The condolence of friends and relations, and the sympathy even of foes, followed this event. To the chosen place of Lord Blandford’s interment, in King’s College Chapel, whose sacred walls had witnessed his early and late piety, beneath whose roof he had been a constant attendant at morning and evening prayers,—the disconsolate parents followed the earthly remains of their lost treasure. An inscription, in elegant Latin, on a monument erected to his memory, perpetuates the recollection of his early promise. Not only of the highest rank by descent, but of the most exalted virtues, the external qualities of one so favoured by fortune, and endowed by nature, corresponded, as the inscription states, with his mental attributes.

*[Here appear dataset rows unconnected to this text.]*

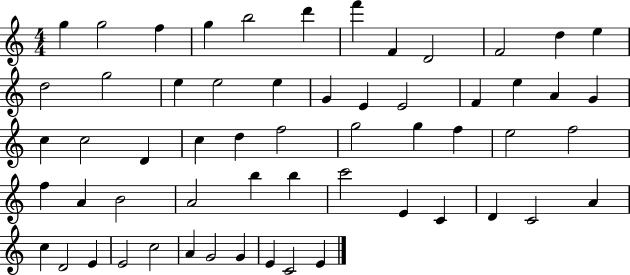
X:1
T:Untitled
M:4/4
L:1/4
K:C
g g2 f g b2 d' f' F D2 F2 d e d2 g2 e e2 e G E E2 F e A G c c2 D c d f2 g2 g f e2 f2 f A B2 A2 b b c'2 E C D C2 A c D2 E E2 c2 A G2 G E C2 E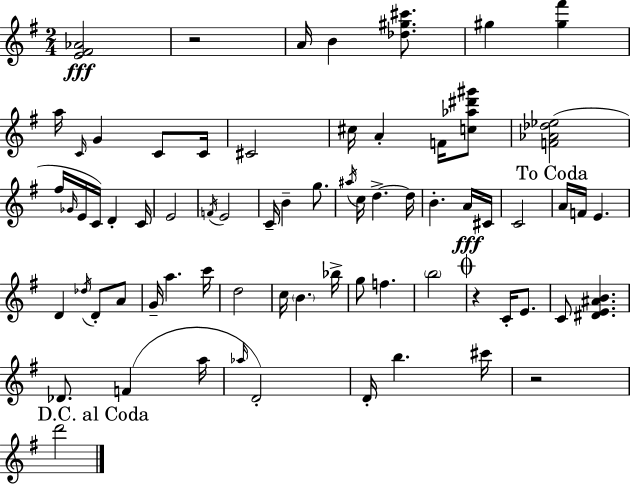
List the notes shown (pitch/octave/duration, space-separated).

He possessed, it is said, the stately and manly form, and the surpassing symmetry, which constitute the perfection of manly beauty.[[480]] In the quickness of his faculties alone did he resemble his mother. His admirable humility, and sweetness of manners, in the midst of all that rank and affluence could effect to spoil him, were the bright reflection of his glorious father. In purity of conduct, though introduced early to a court life, between the period of his leaving Eton and entering on an academic life at Cambridge, he was more happy than that parent; for men are to be judged by circumstances. A sense of religious duty (the only effectual safeguard) led to a “strict observance of decorum, that rather,” says an historian, “seemed innate, than acquired.”[[481]] He retained of the court nothing but its politeness, and desired, in the bright prospects which apparently awaited him, nothing but true honour and distinction, not from his position alone, but from his own strenuous exertions.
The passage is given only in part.